7 Ekim 2023’te Hamas’ın ‘Aksa Tufanı’ adıyla başlattığı ve İsrail’i hedef aldığı saldırıyla İsrail’in; Filistin Gazze, Suriye, Lübnan ve İran’ı hedef aldığı, 50 bine yaklaşan insanın öldüğü saldırıları halen devam ediyor. Bu süreçte Filistin’i destekleyen, İsrail’i her alanda protesto eden ve bu konuda son derece haklı cabalar gösteren Türkiye birkaç ay önce Cumhurbaşkanı Erdoğan’ın “Karabağ’a girdiğimiz gibi İsrail’e de gireriz” meydan okumasıyla sarsıldı. Savaş kapımız damıydı?
Aklıma ilk gelen ‘ufak atta civcivler yesin’ deyimiydi… Ve de o zaman hiç aklıma gelmemişti birkaç ay sonra bu civcivlerin aç kalacağı. Dün İsrail’e girmekten bahseden asrın lideri bir anda hedefe Türkiye’yi koydu. “İsrail’in Filistin ve Lübnan’dan sonra gözünü dikeceği yer bizim vatan topraklarımız olacaktır” dedi. Kısaca İsrail bize saldırabilirdi ve ortalık toz duman oldu yetmedi TBMM de konu ile ilgili olağan üstü gizli, kapalı 10 yıl sonra açıklanacak bir toplantı yapıldı. Ne beklerdiniz bu saldırıyı öngörüşü ile bize haber veren Cumhurbaşkanımız gelsin bilgi versin değil mi?
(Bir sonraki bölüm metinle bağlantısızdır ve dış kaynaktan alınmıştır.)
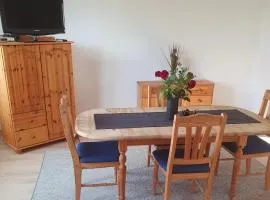 Monteurwohnung Haus Sendberg Blick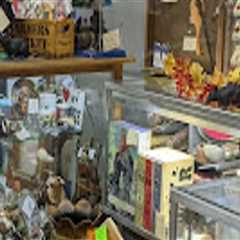 The Ultimate Guide to Antique Shopping in Southwestern Missouri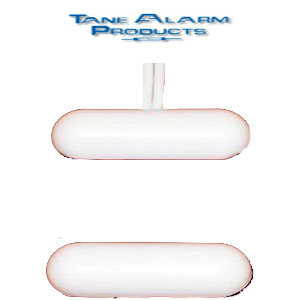 TANE-PILL-WH | Surface Mount Pill Shaped Contact - White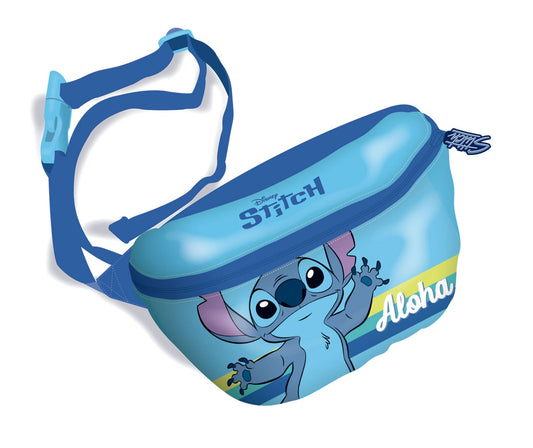 Sacoche banane STITCH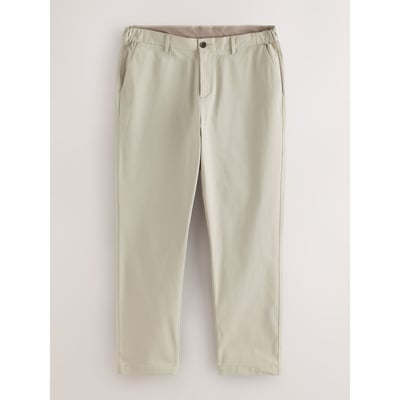 Pantalon chino habillé lyocell tencel™/coton NEXT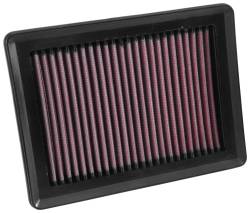 K&N - K&N 33-5043 Drop-In Replacement Air Filter - Image 2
Yok, bilgiyi verenler ilgili bakanlar ve netice sen, ben, bizim oğlan bildiğimizden başka bir bilgi yok CHP lideri öyle söylüyor…
Bu konuyu çok daha fazla açabiliriz NATO üyesi olmamızdan, Kürecik radarından, İncirlikteki uçuşlardan, ABD gemilerine verilen lojistik destekten, Ceyhan’dan dolaylı yollarla gönderilen petrolden, kesilmeyen ticari bağlantılardan hepsi İsrail’e dolaylı yapılan destekler… Sonuç iç siyaseti dalgalandırmak ve tipik bir “dün dündür, bugün bugündür” mantığı…
Bu kadar mı? Tabii ki değil.
CHP Başkanı Özgür Özel’de bu konuda geri durmadı partisi ve partisine oy veren vatandaşlarla ilgili her türlü aşağılamayı yapan akp lideri ve yandaşları ile sulh ile salah olmak için bir süreç başlattı ve bu süreçte eline ne geçti bilmiyorum ama O bir adım daha ileri gitti ve TBMM yeni döneme başlaması töreninde Cumhurbaşkanı salona girince Özgür beyin talimatıyla başta zatıalileri olmak üzere büyük bölümü ile Milletvekilleri ayağa kalktı dünün tersine. Gerekçe ise çok ulviydi “makama saygı.” Hangi makam? Malum iki şapkası vardı Erdoğan’ın akp genel başkanı ve Cumhurbaşkanı. Ama farkında değillerdi o saygı o Cumhurbaşkanlığı makamı işgal eden için ne dereceydi, ettiği yemin ve uygulamaları ayağa kalkmayı hak ediyor muydu? Ve de son bombayı patlattı “CHP’li seçmen memnun oldu; kabahatse ben şahsen öderim’’ CHP lideri kendisine yapılan eleştirilerle ilgili. Tipik bir “dün dündür, bugün bugündür” örneği idi ve de farkında değildi Özgür bey ödeyeceği maddi bir borç değildi, eğer sonuç alınamazsa ödeyecek olan koca bir milletti ve 22 yıldır da ödüyordu…
Devam ediyordu siyasetçilerimiz rahmetli Demirel’in kulağını çınlatmayı!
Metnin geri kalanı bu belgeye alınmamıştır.